Moon J C, Mogensen J, Elliott P M, Smith G C, Elkington A G, Prasad S K, Pennell D J, McKenna W J
Centre for Advanced Magnetic Resonance in Cardiology, Royal Brompton Hospital, London, UK.
Heart. 2005 Aug;91(8):1036-40. doi: 10.1136/hrt.2004.041384.
To examine the influence of genotype on late gadolinium enhancement (LGE) and the potential of cardiovascular magnetic resonance (CMR) to detect preclinical hypertrophic cardiomyopathy.
Prospective, blinded cohort study of myocardial LGE in a genetically homogeneous population.
30 patients with disease causing mutations in the recognised hypertrophic cardiomyopathy gene for cardiac troponin I (TNNI3): 15 with echocardiographically determined left ventricular hypertrophy (LVH+) and 15 without (LVH-).
CMR measures of regional left ventricular function, wall thickness, and mass, and the extent and distribution of LGE.

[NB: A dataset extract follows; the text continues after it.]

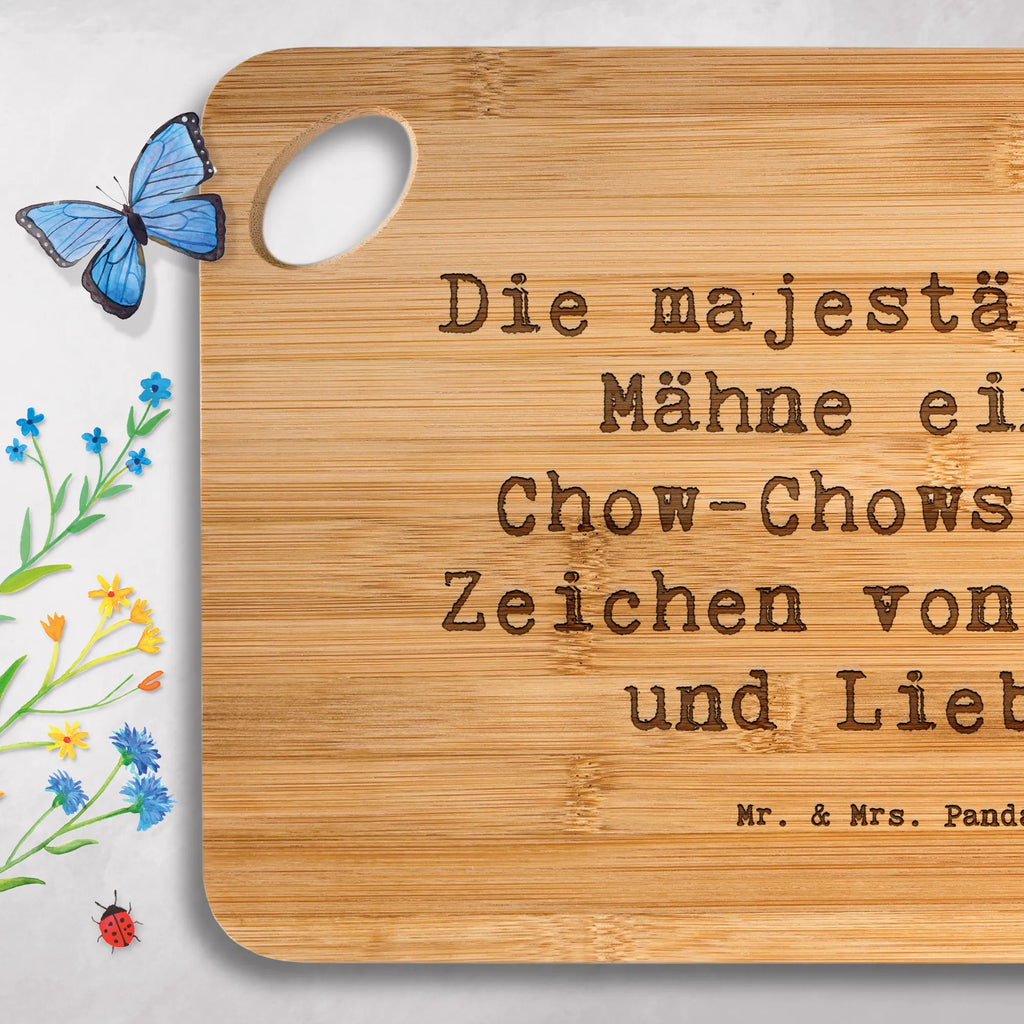 Bambus - deska do krojenia Przysłowie Die majestätische Mähne eines Chow-Chows: Ein Zeichen von Würde und Liebe. Pies, rasa psa, pies rasowy, właściciel psa, prezent, miłośnik zwierząt, dawanie, szczeniak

LGE was found in 12 (80%) LVH+ patients but with variable extent (mean 15%, range 3-48%). LGE was also found in two (13%) LVH- patients but the extent was limited (3.6%) and both patients were found to have an abnormal ECG and regional hypertrophy by cine CMR. The extent of LGE was positively associated with clinical markers of sudden death risk (21% with > or = 2 risk factors v 7% with < or = 1 risk factor, p = 0.02) and left ventricular mass (r = 0.56, p < 0.001) and was inversely associated with ejection fraction (r = -0.58, p < 0.001). Segmental analysis showed that as regional wall thickness increased, LGE was more prevalent (p < 0.0001) and more extensive (r = 0.98, p = 0.001).

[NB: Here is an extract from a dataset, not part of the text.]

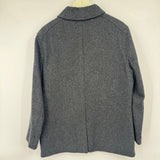 men Wool Shawl Collar Field Jacket Charcoal Gray Jacket L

In patients with disease causing mutations in TNNI3, focal fibrosis was not detected by LGE CMR before LVH and ECG abnormalities were present. Once LVH is present, LGE is common and the extent correlates with adverse clinical parameters. This suggests that focal fibrosis is closely linked to disease development.
研究基因型对延迟钆增强(LGE)的影响以及心血管磁共振成像(CMR)检测临床前肥厚型心肌病的潜力。

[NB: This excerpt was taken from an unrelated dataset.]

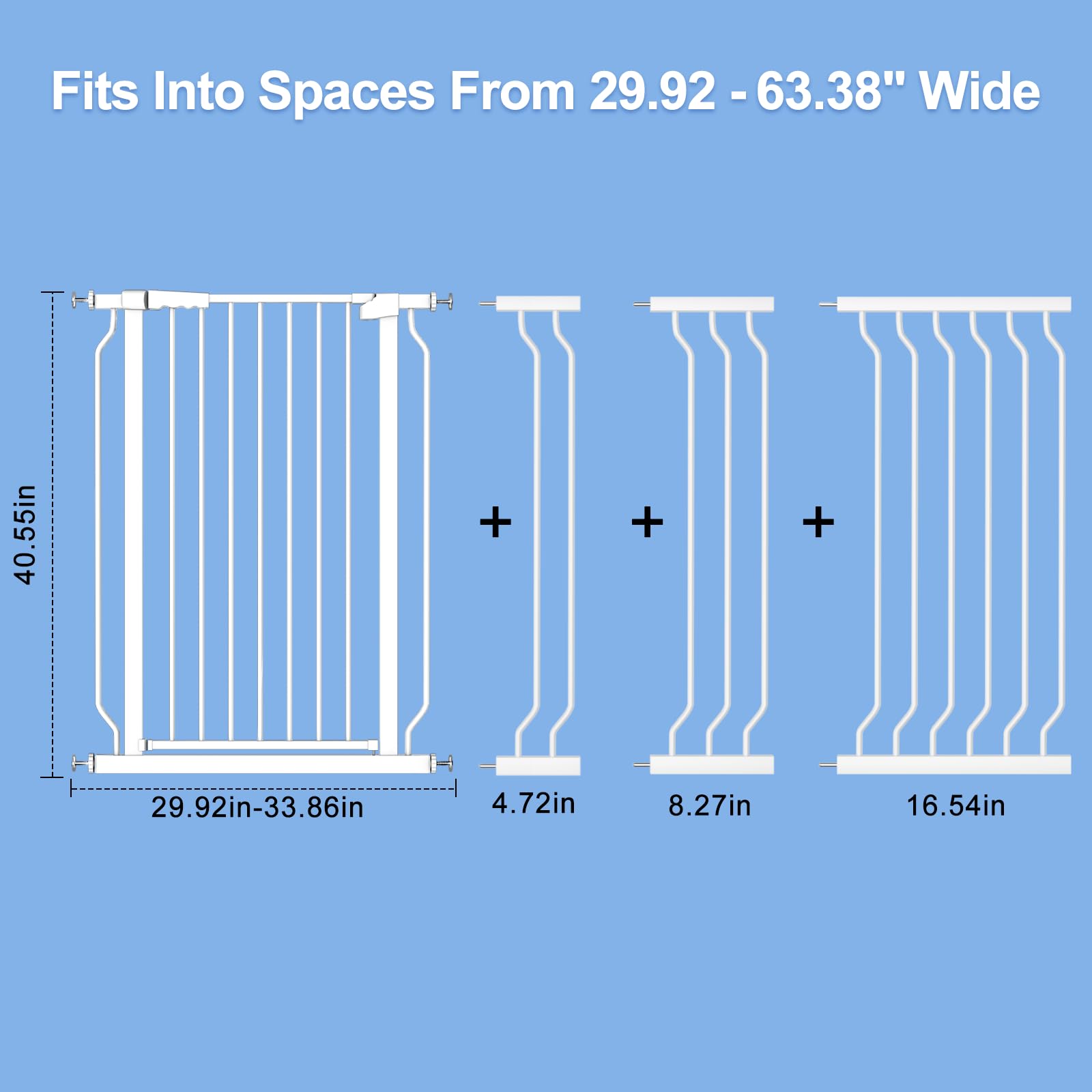 WAOWAO gate illustrates adjustable width from 29.53 to 76.77 inches.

对基因同质人群的心肌LGE进行前瞻性、盲法队列研究。
30例在公认的肥厚型心肌病基因心肌肌钙蛋白I(TNNI3)中存在致病突变的患者:15例经超声心动图测定有左心室肥厚(LVH+),15例无左心室肥厚(LVH-)。
CMR测定的左心室局部功能、室壁厚度、质量以及LGE的范围和分布。
12例(80%)LVH+患者发现有LGE,但范围各异(平均15%,范围3%-48%)。2例(13%)LVH-患者也发现有LGE,但范围有限(3.6%),且这2例患者经电影CMR检查均发现有异常心电图和局部肥厚。LGE的范围与猝死风险的临床指标呈正相关(≥2个危险因素者为21%,≤1个危险因素者为7%,p = 0.02),与左心室质量呈正相关(r = 0.56,p < 0.001),与射血分数呈负相关(r = -0.58,p < 0.001)。节段分析显示,随着局部室壁厚度增加,LGE更常见(p < 0.0001)且范围更广(r = 0.98,p = 0.001)。
在TNNI3基因存在致病突变的患者中,在出现左心室肥厚和心电图异常之前,LGE CMR未检测到局灶性纤维化。一旦出现左心室肥厚,LGE很常见,且范围与不良临床参数相关。这表明局灶性纤维化与疾病发展密切相关。